YOUR TASK:
Reproduce, word for word, the lines in the material below starting with the one that has "CUTE BOOTY LOUNGE Lifestyle Legging, Medium" and going on through the one that has "Building Photo - 4529 Golf Park Dr". Leave out all pictures.

MATERIAL SHOWN:
----

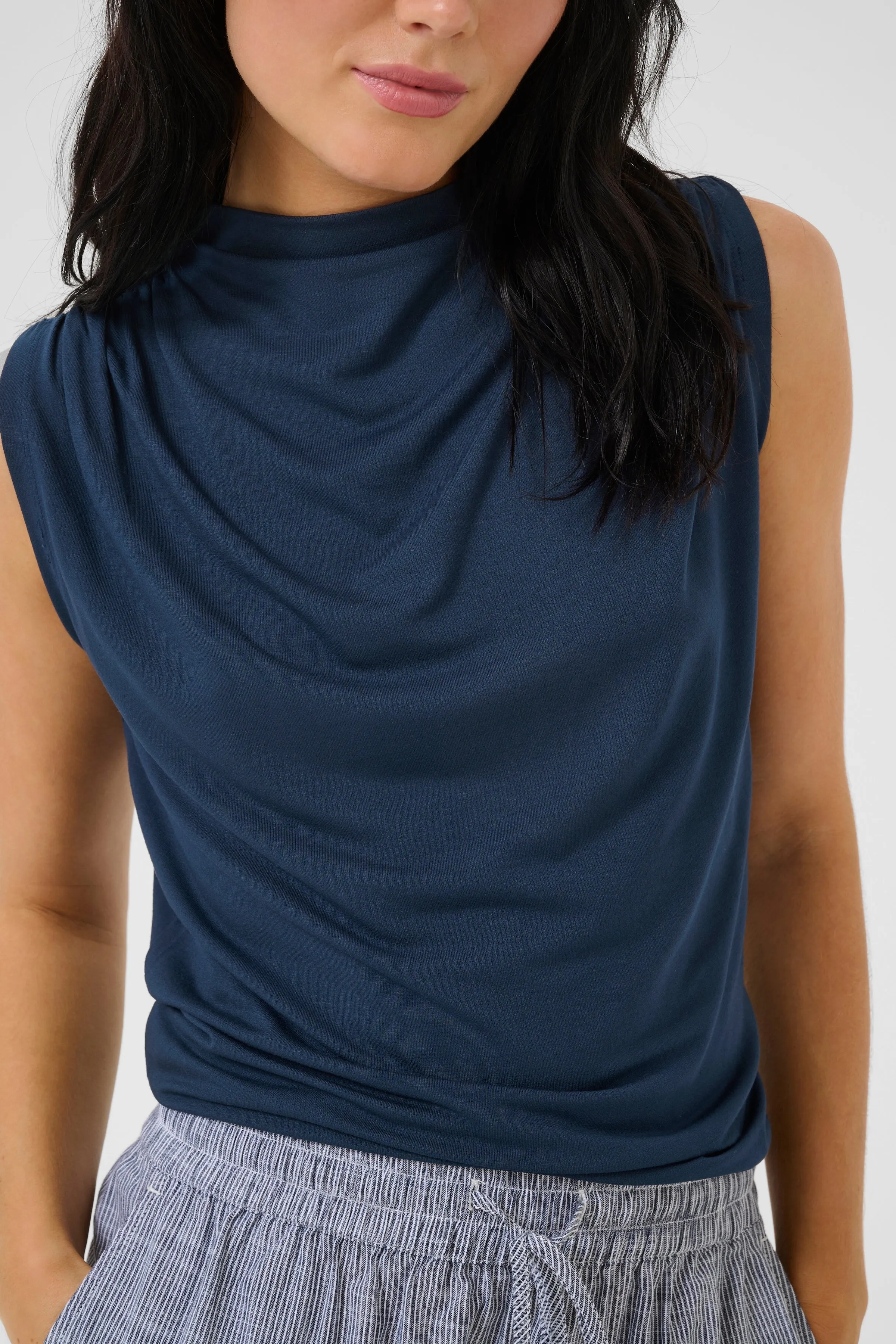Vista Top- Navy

----

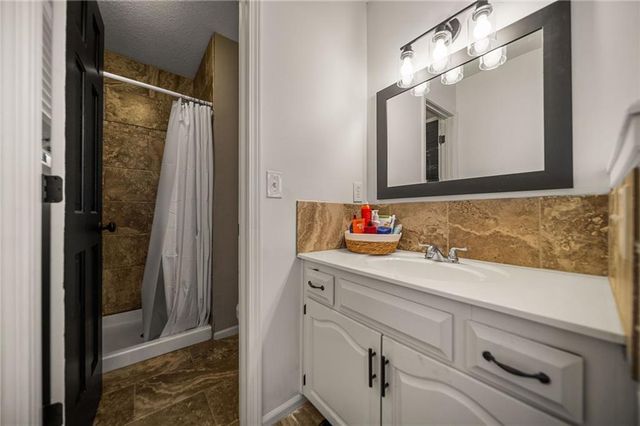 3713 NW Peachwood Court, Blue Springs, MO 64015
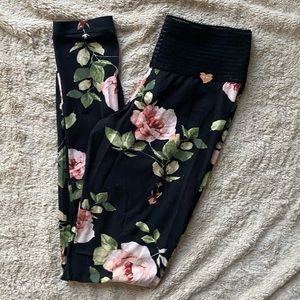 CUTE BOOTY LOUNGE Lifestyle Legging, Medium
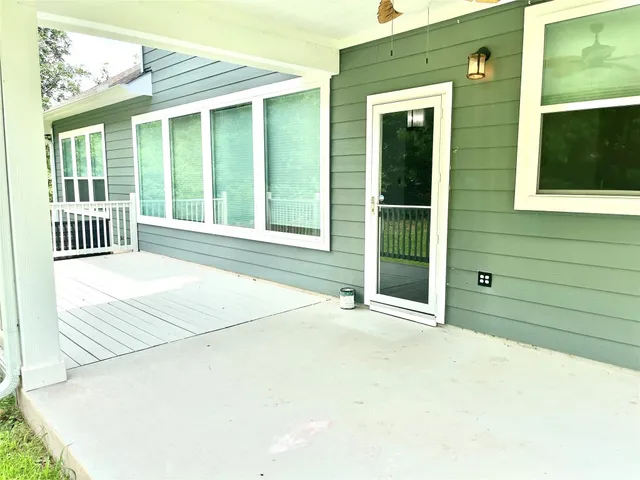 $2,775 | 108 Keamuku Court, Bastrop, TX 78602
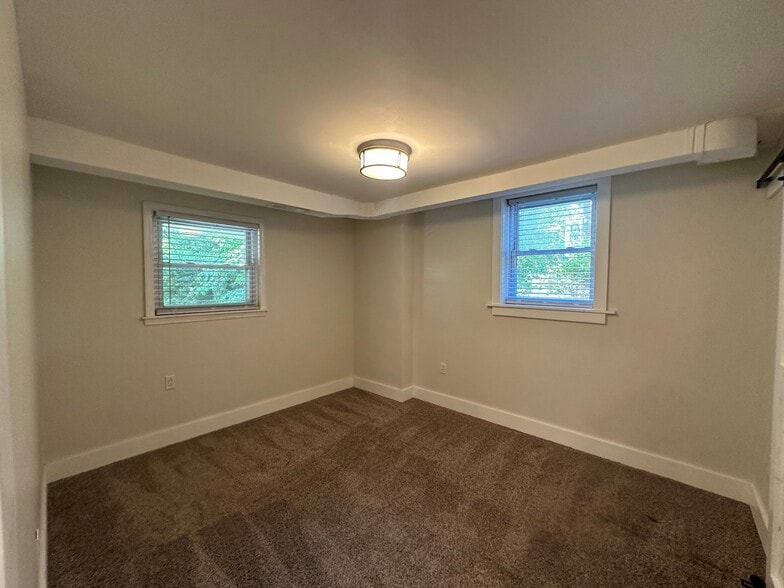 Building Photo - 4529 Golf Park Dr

----

WRITTEN ANSWER:
 CUTE BOOTY LOUNGE Lifestyle Legging, Medium
 $2,775 | 108 Keamuku Court, Bastrop, TX 78602
 Building Photo - 4529 Golf Park Dr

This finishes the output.